In an interesting variation on this process, suspended carbon nanowires between walls and posts were fabricated using a combination of UV lithography and electrospinning [18]. The electrospun nanowires were pyrolyzed together with the UV lithographically patterned SU-8 photoresist ensuring good ohmic contact between walls/posts and wires [19, 20]. The reason these authors wanted to fabricate suspended carbon nanowires was to avoid deleterious substrate effects and to enhance mass transport in gases and liquids
to the sensing element. In the current study, we prepared monolithic suspended carbon nanostructures, including nanowires and nanomeshes, which were patterned by two successive UV exposure processes and a single pyrolysis process. The microstructure of the carbon nanowire and
PF-02341066 concentration the development of stress along the wire were explored SYN-117 concentration using a focused ion beam (FIB) milling process, scanning electron microscopy (SEM), and high-resolution transmission electron microscopy (HRTEM). The intrinsic tensile stress along the nanowire and its bent supports mitigated stiction problem and this structural advantage was explored by executing photolithography, metal deposition, wet etching, and electrochemical experiment on an approximately 200-nm-diameter suspended carbon nanowire. In order to confirm the feasibility of suspended carbon nanostructures as nanosensors, their electrical, electrochemical, and thermal properties were characterized experimentally and through simulations. Moreover, the carbon nanowire was selectively coated with palladium using a lift-off process and its functionality as a hydrogen gas sensor was tested.

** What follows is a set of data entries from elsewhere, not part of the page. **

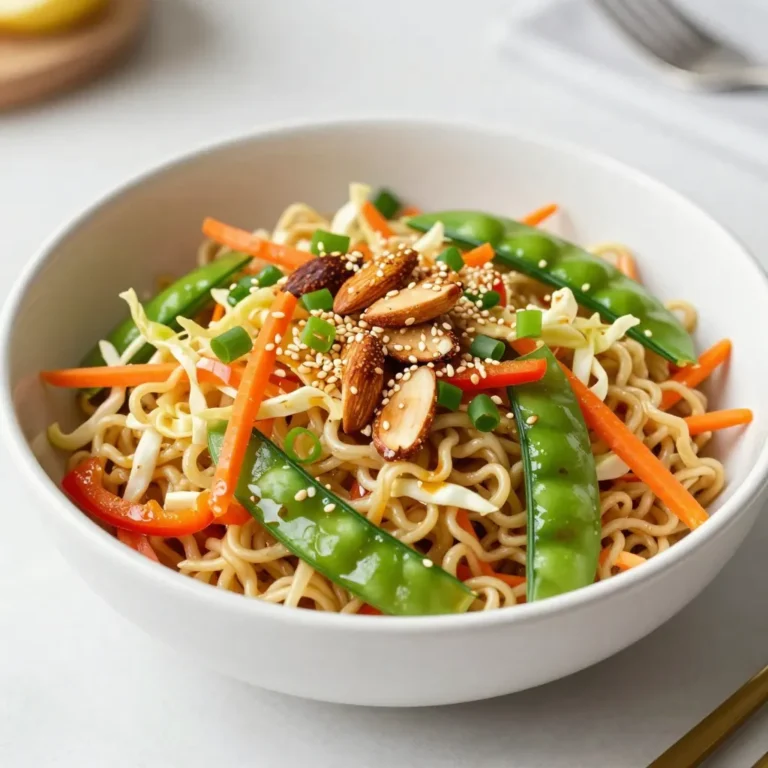 - 2 packages of ramen noodles (discard the included seasoning packets) - 2 cups coleslaw mix (a blend of cabbage and carrots) - 1 cup snap peas, trimmed and halved - 1 bell pepper, thinly sliced (choose any color for vibrancy) - 1/2 cup green onions, chopped (both white and green parts) - 1/4 cup vegetable oil - 2 tablespoons soy sauce - 1 tablespoon rice vinegar - 1 tablespoon honey or maple syrup - 1 teaspoon fresh grated ginger - 1/2 cup sliced almonds - 1/4 cup sesame seeds - Salt and pepper to taste To make the Crunchy Ramen Noodle Salad, you need a mix of fresh and vibrant ingredients. Start with ramen noodles, which form the base of this dish. They add a fun texture and absorb flavors well. Next, include a coleslaw mix for crunch. It brings together cabbage and carrots, adding color and nutrition. Snap peas add a sweet crunch. Their bright green color pops in the salad. A bell pepper adds sweetness and color too. You can choose any color you like. Green onions tie it all together with their fresh taste and mild onion flavor. The dressing is simple yet flavorful. Use vegetable oil, soy sauce, rice vinegar, and honey or maple syrup. Fresh grated ginger adds a nice zing. Combine these ingredients for a dressing that enhances all the salad elements. For optional toppings, consider sliced almonds and sesame seeds. They add crunch and a nutty flavor. A sprinkle of salt and pepper brings everything together. This mix of ingredients creates a fresh and flavorful salad that everyone will enjoy! {{ingredient_image_2}} To start, boil water in a large pot. Cook the ramen noodles for about 3-4 minutes. They should become soft but still firm. After cooking, drain the noodles and rinse them under cold water. This stops the cooking process. Set them aside to cool completely. Next, grab a dry skillet and heat it over medium heat. Add the sliced almonds and sesame seeds. Stir them often for about 3-4 minutes. They should turn golden brown and smell great. Stay alert—nuts can burn quickly. Once toasted, remove them from heat and let them cool. In a small bowl, mix vegetable oil, soy sauce, rice vinegar, honey or maple syrup, and grated ginger. Add a pinch of salt and pepper. Whisk these ingredients until smooth. This dressing should balance sweet and salty flavors well. In a large mixing bowl, add the cooled ramen noodles, coleslaw mix, snap peas, bell pepper slices, and chopped green onions. Don’t forget the toasted almonds and sesame seeds! Toss everything gently until evenly mixed. Cooling the noodles helps the salad stay fresh. Now, drizzle your dressing over the salad mixture. Toss gently to coat every ingredient. This helps all flavors blend nicely. Dress the salad just before serving to keep it crisp. For the best taste, cover the salad and chill it for at least 30 minutes. Chilling helps the flavors to mix well. When serving, use a large bowl or individual plates. Top with extra sesame seeds and green onions for a bright look. Enjoy your crunchy ramen noodle salad! - Start with fresh ramen noodles. They keep their crunch well. - Cook the noodles just right. Aim for 3-4 minutes, then rinse them. - Use fresh veggies like snap peas and bell peppers. Freshness adds great texture. - Adjust the soy sauce based on taste. If you like it salty, add more. - Use chili flakes or hot sauce for heat. Spice can enhance the salad's flavor. - Switch up the honey for maple syrup for a different sweetness. - Scale the recipe by adding more or less of each ingredient. - For a meal, add grilled chicken or tofu. It turns a side into a main dish. - If serving as a side, keep the portions smaller. This allows for variety in meals. Pro Tips Use Cold Water for Ramen: After cooking, rinse the noodles under cold water to stop the cooking process. This will help maintain their crunchy texture when mixed with the salad. Customize Your Vegetables: Feel free to swap or add any of your favorite vegetables. Cucumbers, carrots, or even radishes can add a unique twist to the salad. Make Ahead: This salad can be made in advance and stored in the refrigerator. Just keep the dressing separate until you’re ready to serve to maintain the crunchiness. Adjust the Sweetness: Depending on your preference, you can adjust the amount of honey or maple syrup in the dressing. Taste as you go to find your perfect balance! {{image_4}} You can change up the ingredients in your crunchy ramen noodle salad. Instead of the coleslaw mix, try using fresh spinach or kale. Shredded carrots also add a nice crunch. For snap peas, you can use sliced cucumbers or bell peppers. These swaps keep the salad fresh and exciting. When it comes to nuts, sliced almonds are great, but you can also use chopped walnuts or cashews. Each nut brings a different flavor and texture. Seeds like pumpkin or sunflower work well too. Experiment with what you have on hand! If you need a gluten-free option, you can swap the ramen noodles for rice noodles. They still give you that chewy texture you want. Make sure to check the dressing too; use tamari instead of soy sauce for a gluten-free choice. For a vegan option, replace honey with maple syrup. This keeps the sweetness without any animal products. The salad stays just as tasty and satisfying! Using seasonal veggies can make your salad even better. In summer, add fresh tomatoes or corn. In fall, roasted butternut squash or Brussels sprouts can add warmth. Seasonal ingredients often taste better and are easier to find. Don't forget about herbs! Fresh cilantro or basil can brighten the flavor. Just chop them finely and toss them in for a fresh twist. These small changes can make a big difference in how your salad tastes. To keep your crunchy ramen noodle salad fresh, use airtight containers. Glass or plastic containers work well. Store in the fridge for up to three days. If you leave it longer, the noodles may become soggy. You can enjoy this salad cold, but if you want to reheat it, do so gently. Microwave it for 30 seconds at a time. Stir between intervals to check warmth. To maintain the crunch, avoid using high heat. Yes, you can freeze this salad, but it's best to leave out the noodles. To prepare, pack the coleslaw mix, snap peas, and other veggies in a freezer bag. Store for up to three months. When ready to eat, thaw in the fridge and add fresh noodles later. Yes, you can make this salad ahead of time. It tastes even better after sitting. You can prepare it up to 24 hours in advance. Store it in the fridge until you are ready to serve. To keep ramen noodles crunchy, follow these steps: - Use uncooked noodles in the salad. - Rinse them in cold water after cooking. - Avoid adding dressing until serving time. These steps help keep the noodles crisp and tasty. Absolutely! Adding protein makes it more filling. Here are some great options: - Grilled chicken or shrimp - Tofu for a vegetarian option - Hard boiled eggs for extra flavor These proteins blend well with the salad. You can try different dressings for variety. Here are some tasty alternatives: - Peanut dressing for a nutty flavor - Asian sesame dressing for a bold taste - A simple lemon vinaigrette for freshness These dressings will add a new twist to your salad. Yes, this salad is great for meal prep! You can pack it in containers. Just keep the dressing separate until you are ready to eat. This keeps everything fresh and crunchy for your meals. This blog covered delicious ramen salad ingredients, dressings, and cooking steps. You learned how to mix flavors and achieve the perfect crunch. Ramen salads are easy to customize for your taste or dietary needs. Fresh ingredients matter, so choose wisely! Store leftovers properly to keep them tasty. Enjoy your healthy salad and share it with friends. Your kitchen will be the go-to spot for tasty meals!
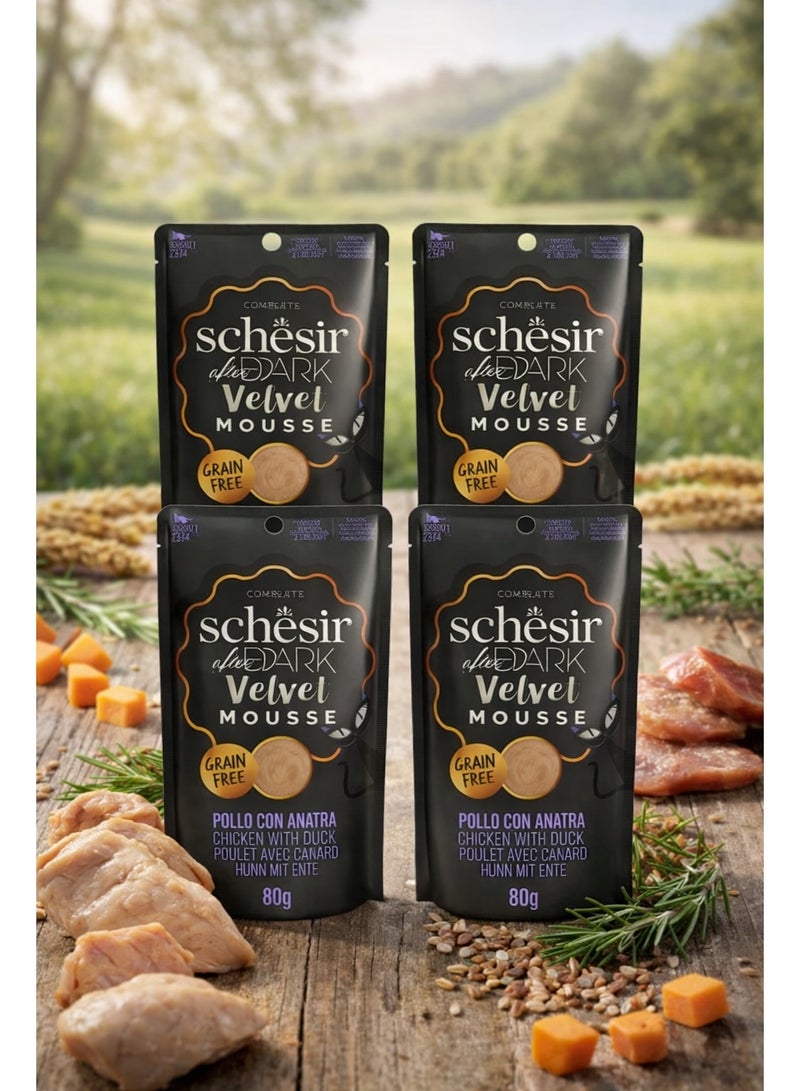 Schesir After Dark Velvet Mousse for Adult Cats – Chicken with Duck – Grain-Free High-Protein Formula – 320 g (4 x 80 g Pouches) - Image 1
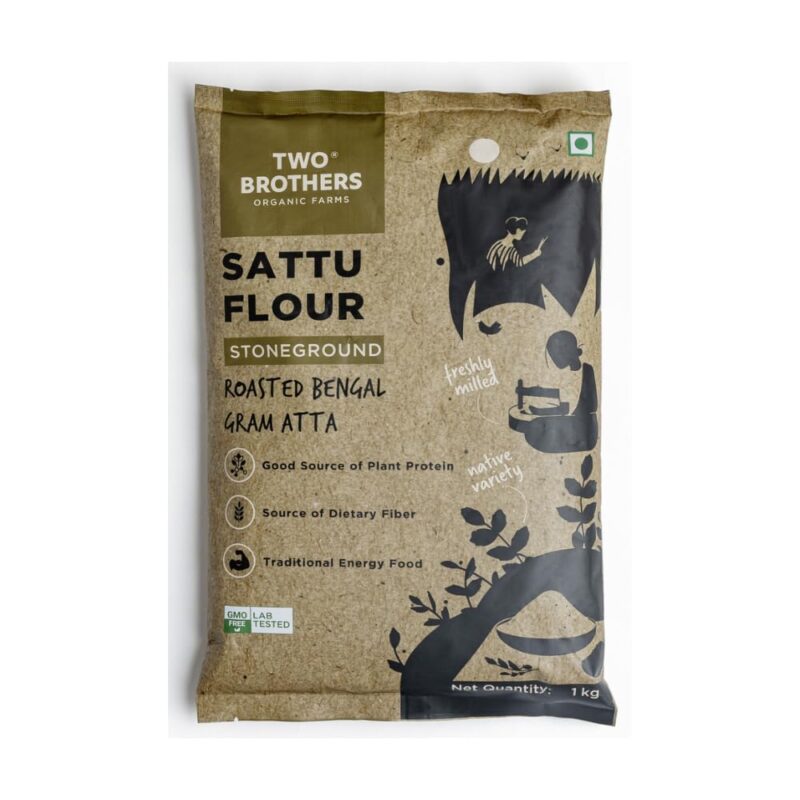 Two Brothers Organic Farms - Sattu Atta (1 kg) | Made Using Roasted Bengal Gram | 100% Natural & Gluten Free Chana Sattu | High Protein Roasted Gram Flour | Sattu Drink Powder | Roasted Gram Powder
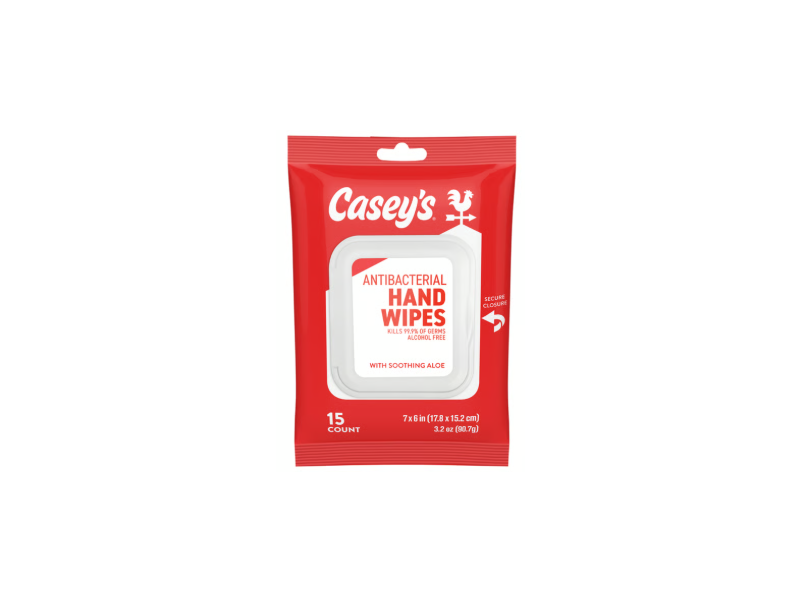 Casey's Antibacterial Hand Wipes, Soothing Aloe, 15 Count, 3.2 oz/90.7 g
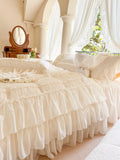 Yeknu  French Princess Style 100% Cotton Bedding Set - Lace Embellished Duvet Cover & Sheet, Elegant Aesthetic, Viral Luxury Collection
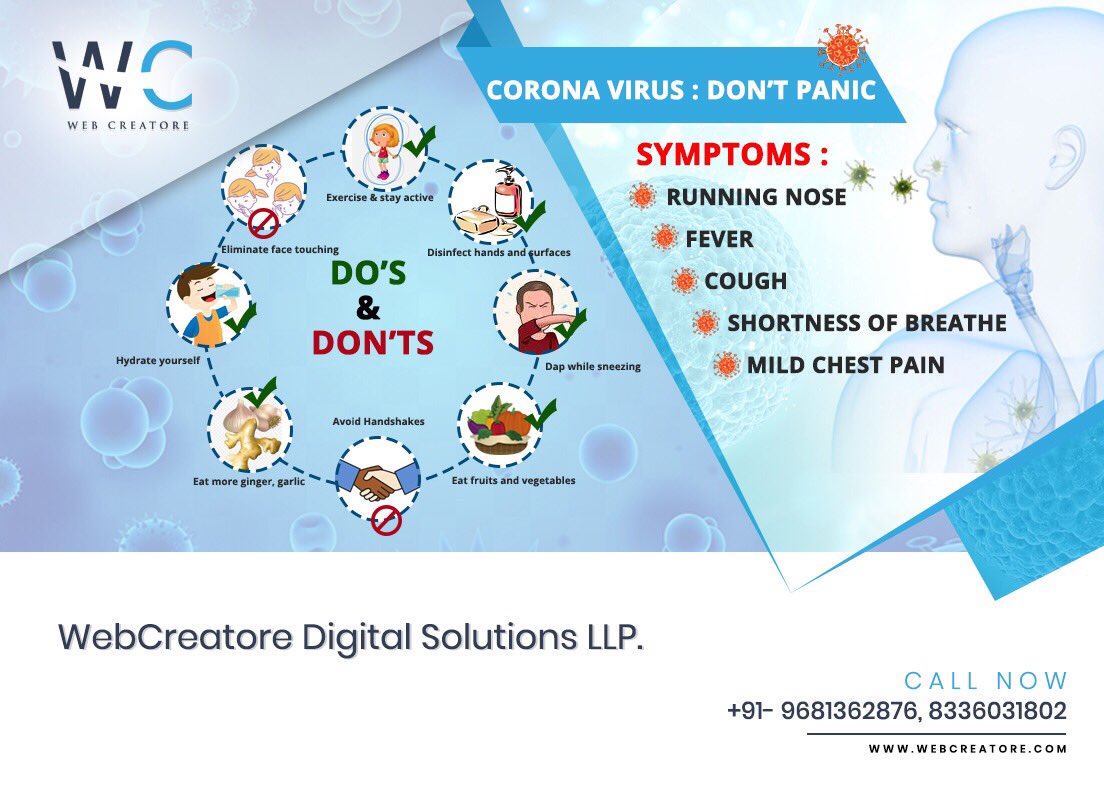 Web_Creatore's tweet photo. Corona Virus: Don’t Panic! Spread Awareness.
We are all gonna overcome this like all the other things we have gone through before. 
Stay positive, stay healthy, stay safe and spread awareness not fear!
#coronaprevention #coronaoutbreak #covid_19 #spreadawarness https://t.co/SLpkvfhxyV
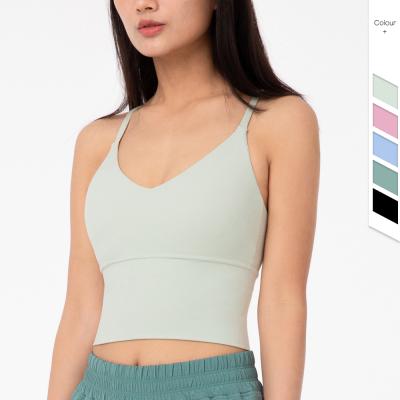 China Free Samples Antibacterial New Lulu 12 Colors Wireless Removable Cups Elastase Tank Tops Style Women's Aplet Sports Bra for sale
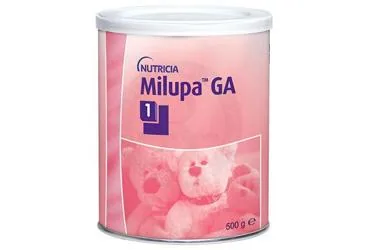 Protein+karbonhidrat+yag içeren MILUPA GA 1 (500 G) ambalajı. Üretici: NUMIL GIDA ÜRÜNLERİ SANAYİ VE TİCARET A.Ş.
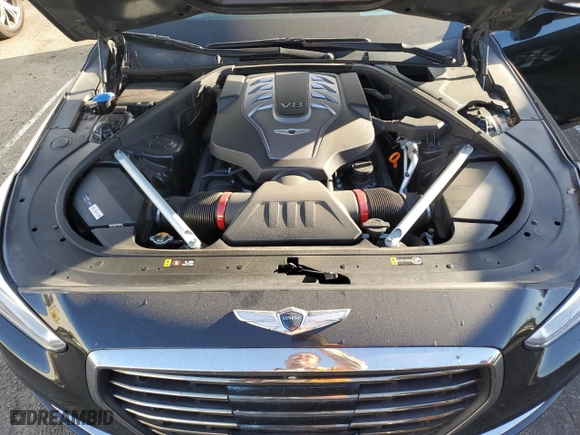 2018 Genesis G90 5.0L Ultimate with VIN KMHG54JH9JU038974, listed as a Copart auction lot 76321104 with 106,221 mi miles and Salvage Title. Bid and sale history available at carsss.com. Image 11.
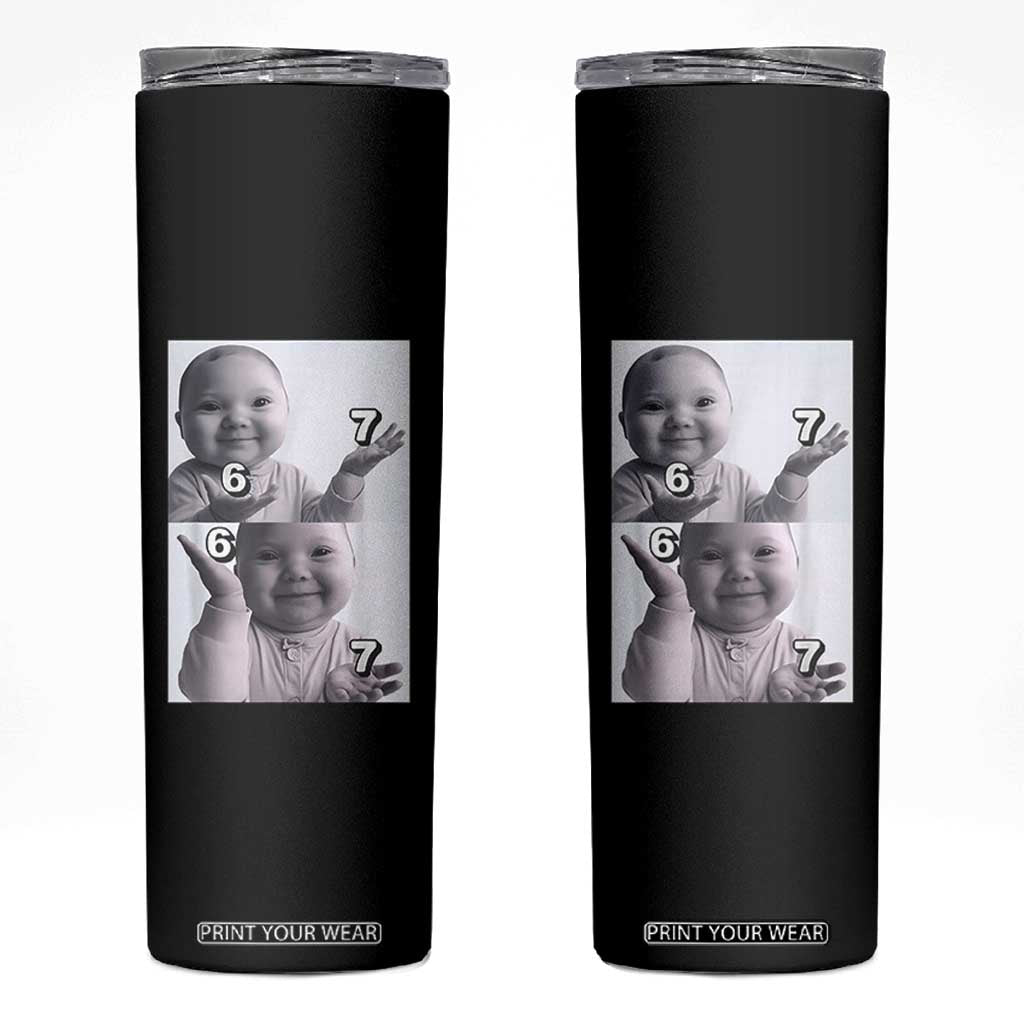 Funny Tuff Baby 67 Meme Skinny Tumbler Viral AI Niche Baby Six Seven Hand Gesture TS02 Black Print Your Wear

Methods The schematic fabrication steps of the suspended carbon nanostructures are described in Figure 1. First, a 0.5-μm-thick SiO2 layer was grown on a 6-inch Si wafer (p-type, boron doped, 8 to 12 Ω · cm2, 660-μm thick) using thermal oxidation. The SiO2/Si substrate was cleaned in a hot piranha solution (H2SO4/H2O2 = 4:1) and dehydrated on a hot plate at 200°C for 5 min. After a 35-μm-thick layer of negative photoresist (SU-8 2000, MicroChem, Corp., Newton, MA, USA) was spin-coated onto the SiO2/Si substrate and soft-baked at 95°C for 9 min, a long UV exposure (200 mJ · cm−2) Rebamipide was performed through a photomask defining post structures. A second UV exposure with lower dose (22 mJ · cm−2) was subsequently performed to polymerize only the shallow area of the negative photoresist layer. The UV lithography process was finished by a post-exposure bake (95°C for 8 min) and a development step. Finally, the photoresist structures consisting of posts and suspended photoresist mircrowires were pyrolyzed in a vacuum furnace and converted into monolithic carbon structures. The pyrolysis process consisted of a pre-baking step for selleck kinase inhibitor degassing and major volume reduction and a carbonization step for forming solid carbon.